## [Exercise goal]
Quote all entries exactly, leaving pictures aside.

## [Records for the exercise]
......
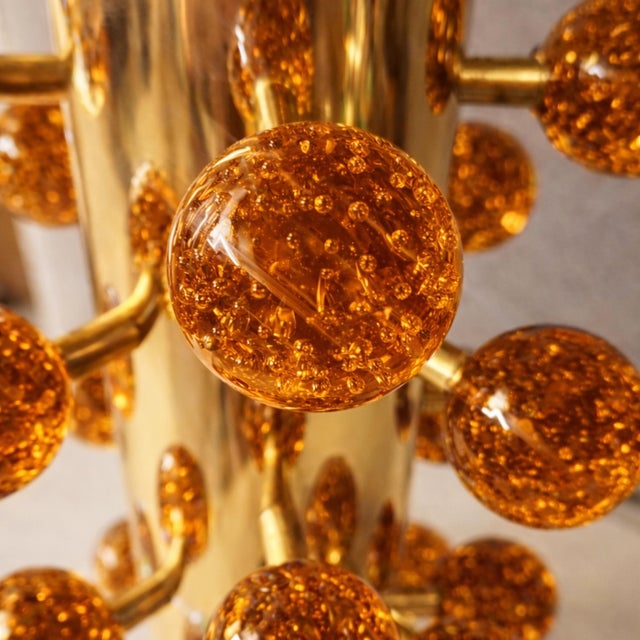 Contemporary Table Lamps in Polished Brass and Amber Glass from Justfurnituress SRL, Set of 2 For Sale - Image 3 of 10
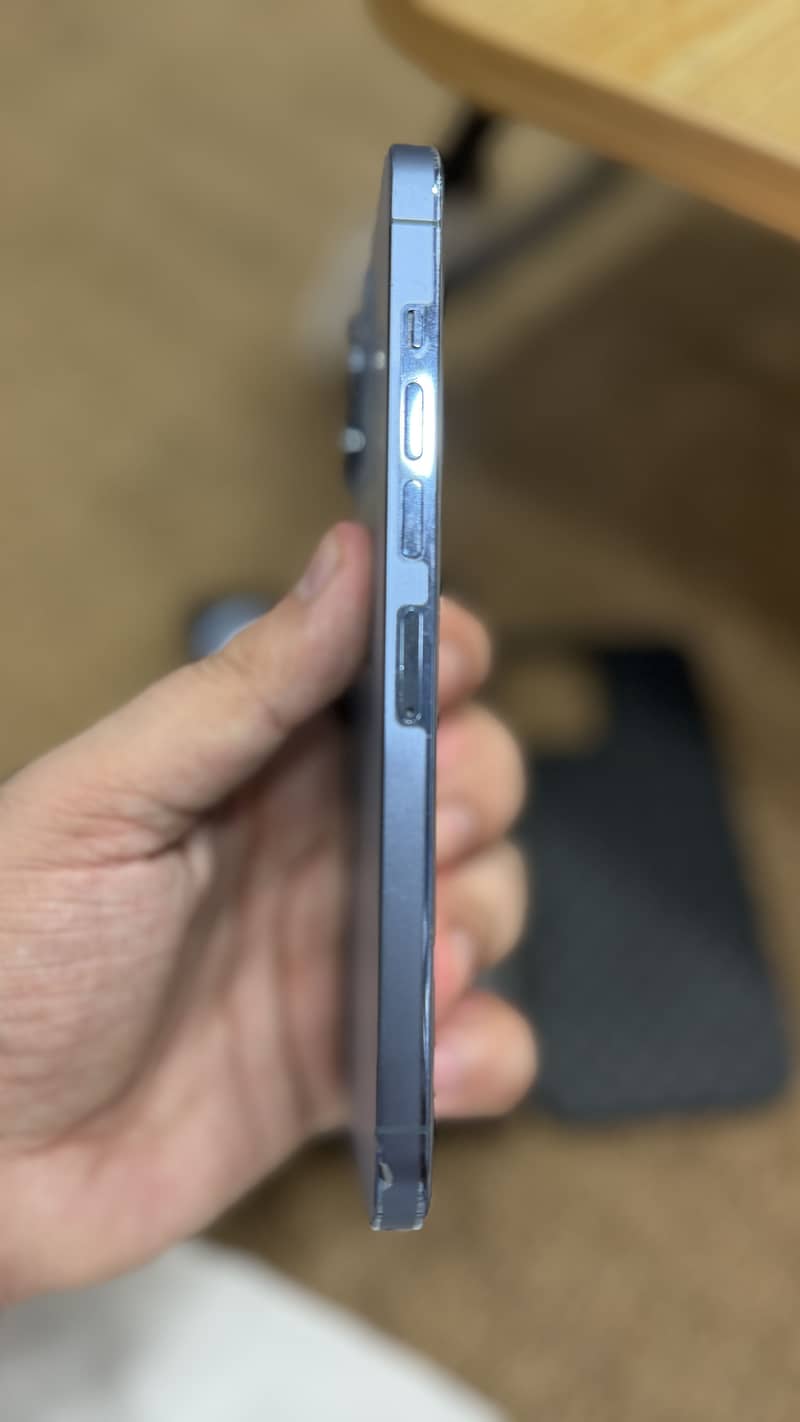 Iphone 13 pro Max 5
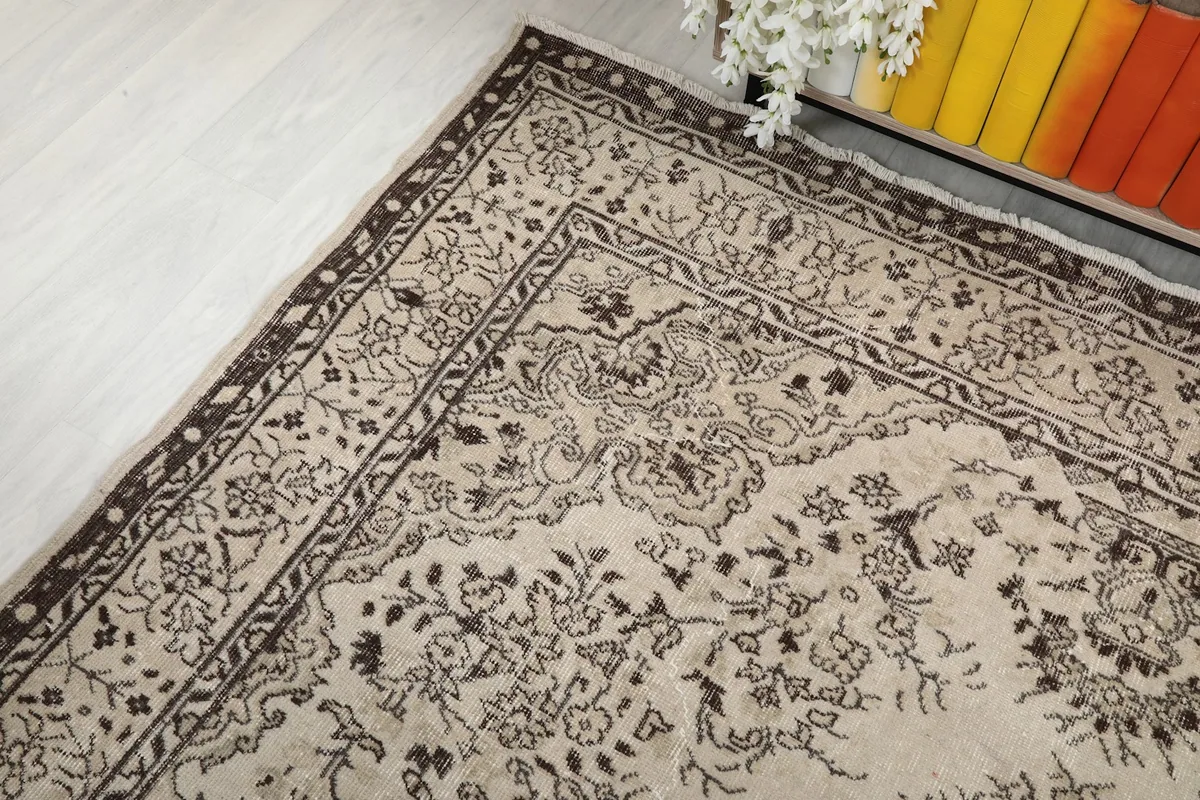 View of the rug's side border, showcasing the detailed charcoal patterns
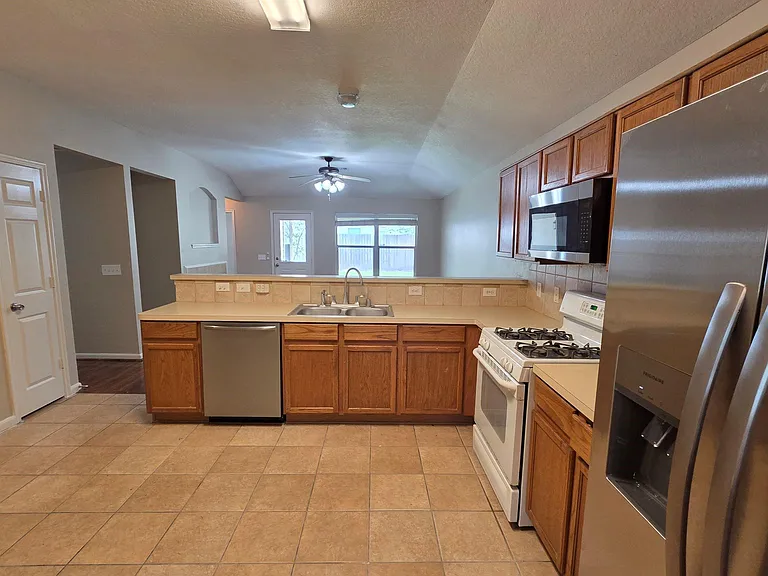 4702 Pin Oak Creek Ln — Photo 8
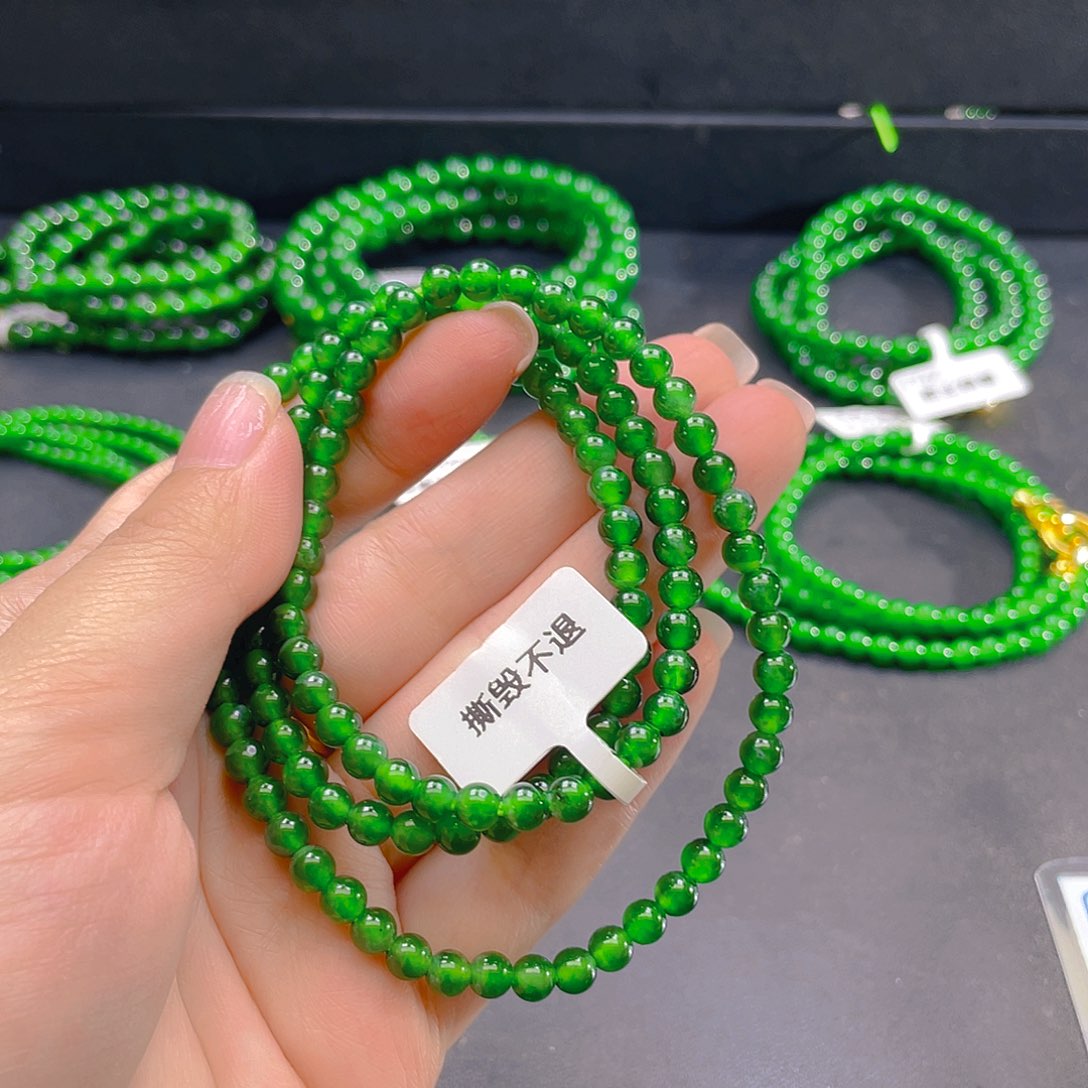 翡翠未镶嵌颈饰    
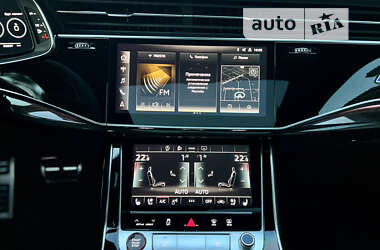 Внедорожник / Кроссовер Audi RS Q8 2021 в 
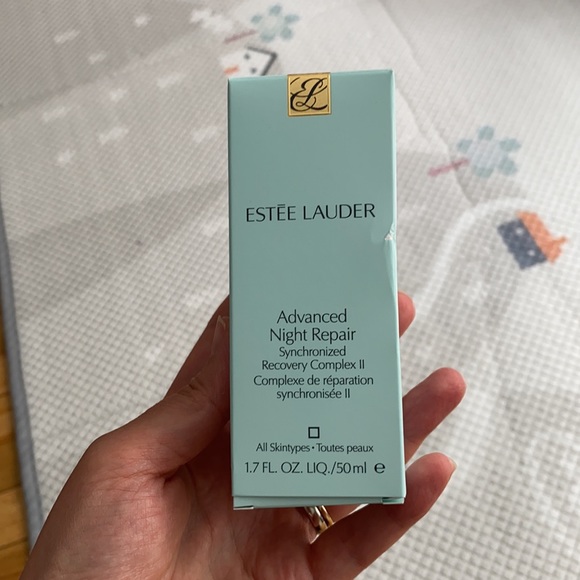 SALE❗️Offer $50❗️Estée Lauder Advances Night Repair - Picture 2 of 5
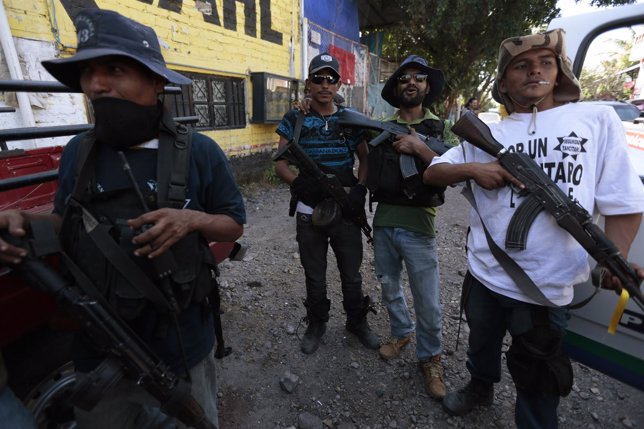 Civiles armados pertenecientes a grupos de autodfensa mexicanos de Michoacán.
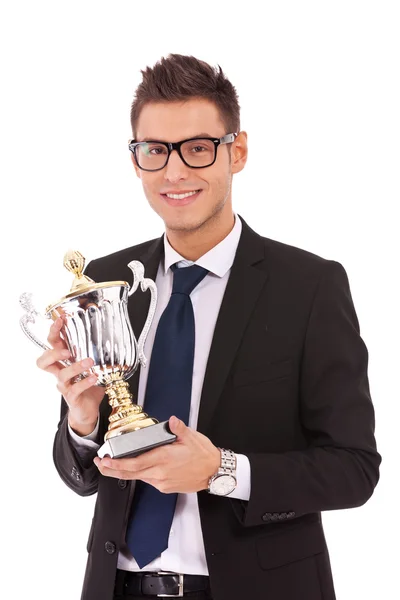 Homem de negócios segurando um troféu — Fotografia de Stock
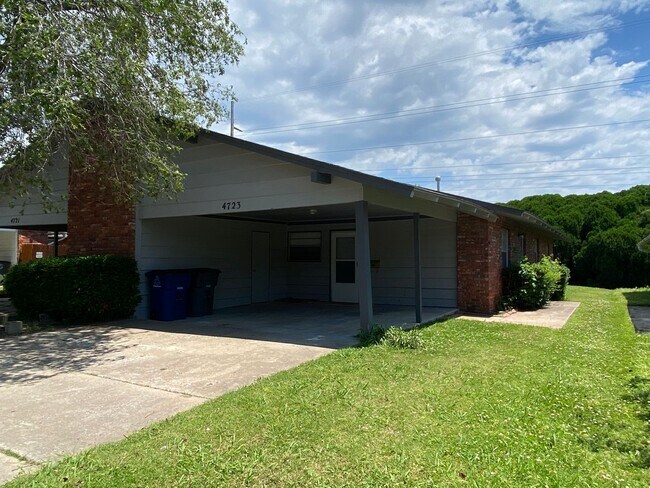 Building Photo - 4723 S Granite Pl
......
## [Answer below]
 Contemporary Table Lamps in Polished Brass and Amber Glass from Justfurnituress SRL, Set of 2 For Sale - Image 3 of 10
 Iphone 13 pro Max 5
 View of the rug's side border, showcasing the detailed charcoal patterns
 4702 Pin Oak Creek Ln — Photo 8
 翡翠未镶嵌颈饰    
 Внедорожник / Кроссовер Audi RS Q8 2021 в 
 SALE❗️Offer $50❗️Estée Lauder Advances Night Repair - Picture 2 of 5
 Civiles armados pertenecientes a grupos de autodfensa mexicanos de Michoacán.
 Homem de negócios segurando um troféu — Fotografia de Stock
 Building Photo - 4723 S Granite Pl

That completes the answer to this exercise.